There were 370 households, out of which 28.4% had children under the age of 18 living with them, 47.3% were married couples living together, 11.4% had a female householder with no husband present, and 35.9% were non-families. 31.6% of all households were made up of individuals, and 16.2% had someone living alone who was 65 years of age or older. The average household size was 2.38 and the average family size was 2.96.

In the town, the population was spread out, with 25.3% under the age of 18, 9.1% from 18 to 24, 27.9% from 25 to 44, 20.7% from 45 to 64, and 17.0% who were 65 years of age or older.
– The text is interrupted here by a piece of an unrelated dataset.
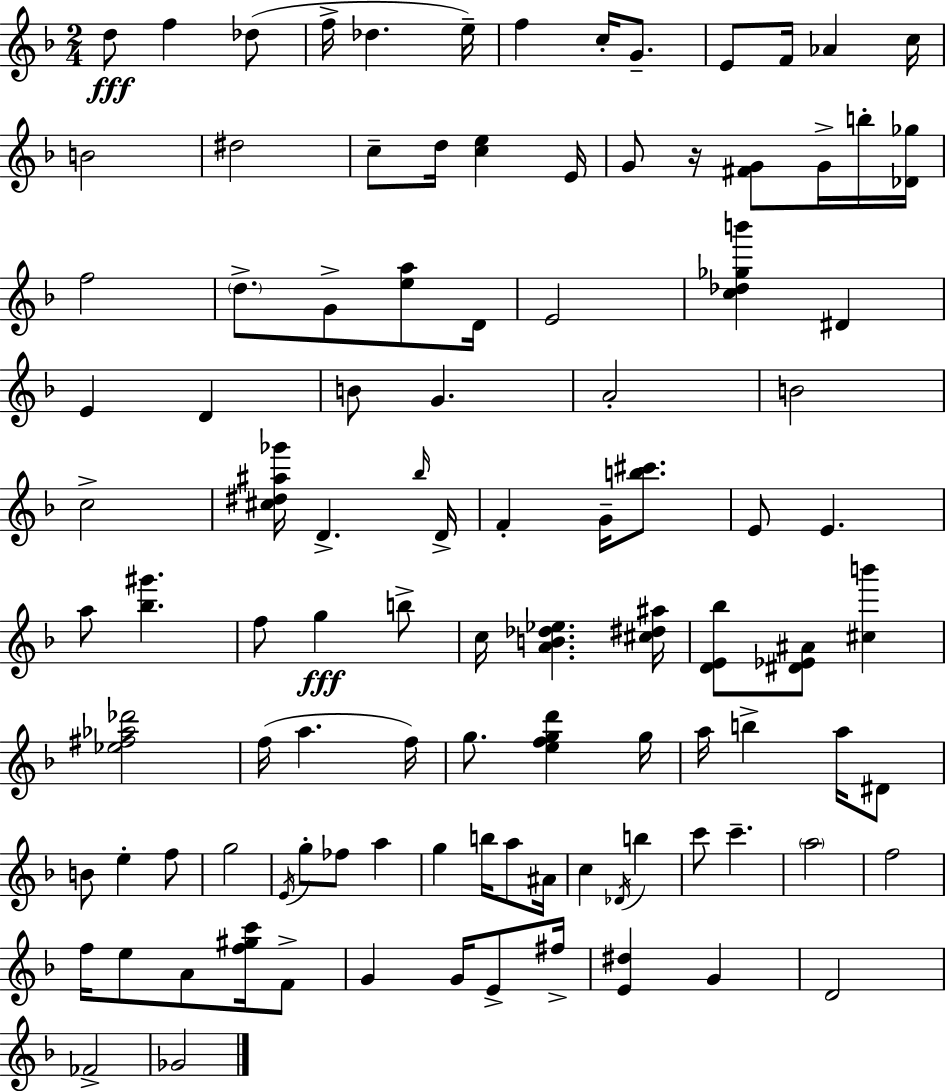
D5/e F5/q Db5/e F5/s Db5/q. E5/s F5/q C5/s G4/e. E4/e F4/s Ab4/q C5/s B4/h D#5/h C5/e D5/s [C5,E5]/q E4/s G4/e R/s [F#4,G4]/e G4/s B5/s [Db4,Gb5]/s F5/h D5/e. G4/e [E5,A5]/e D4/s E4/h [C5,Db5,Gb5,B6]/q D#4/q E4/q D4/q B4/e G4/q. A4/h B4/h C5/h [C#5,D#5,A#5,Gb6]/s D4/q. Bb5/s D4/s F4/q G4/s [B5,C#6]/e. E4/e E4/q. A5/e [Bb5,G#6]/q. F5/e G5/q B5/e C5/s [A4,B4,Db5,Eb5]/q. [C#5,D#5,A#5]/s [D4,E4,Bb5]/e [D#4,Eb4,A#4]/e [C#5,B6]/q [Eb5,F#5,Ab5,Db6]/h F5/s A5/q. F5/s G5/e. [E5,F5,G5,D6]/q G5/s A5/s B5/q A5/s D#4/e B4/e E5/q F5/e G5/h E4/s G5/e FES5/e A5/q G5/q B5/s A5/e A#4/s C5/q Db4/s B5/q C6/e C6/q. A5/h F5/h F5/s E5/e A4/e [F5,G#5,C6]/s F4/e G4/q G4/s E4/e F#5/s [E4,D#5]/q G4/q D4/h FES4/h Gb4/h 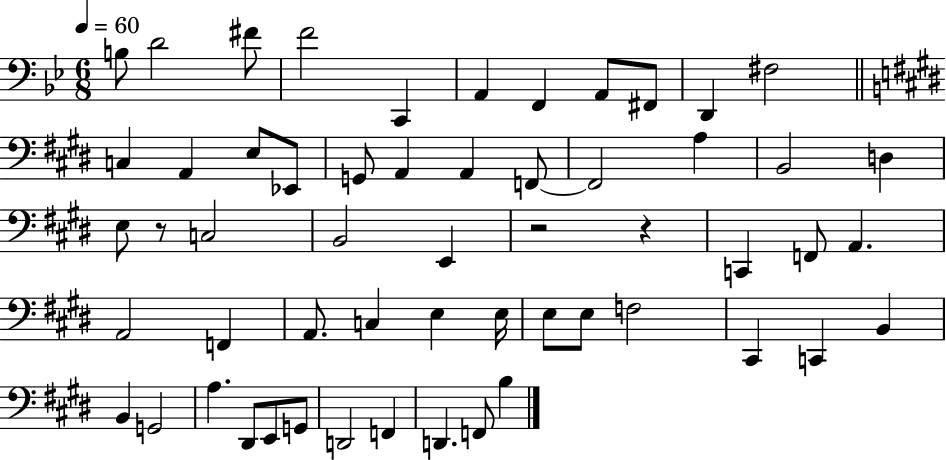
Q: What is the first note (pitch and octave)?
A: B3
The median age was 38 years. For every 100 females, there were 98.0 males. For every 100 females age 18 and over, there were 94.7 males.

The median income for a household in the town was $28,672, and the median income for a family was $33,864. Males had a median income of $30,063 versus $19,259 for females. The per capita income for the town was $13,986. About 11.3% of families and 13.5% of the population were below the poverty line, including 18.1% of those under age 18 and 8.1% of those age 65 or over.

==Education==
There is one school district in the county, Pike County School Corporation.

Prior to 1974, Winslow had its own high school. The school colors were purple and gold, and the mascot was the Eskimos. That year, it merged into Pike Central High School.

Winslow has a public library, a branch of the Pike County Public Library.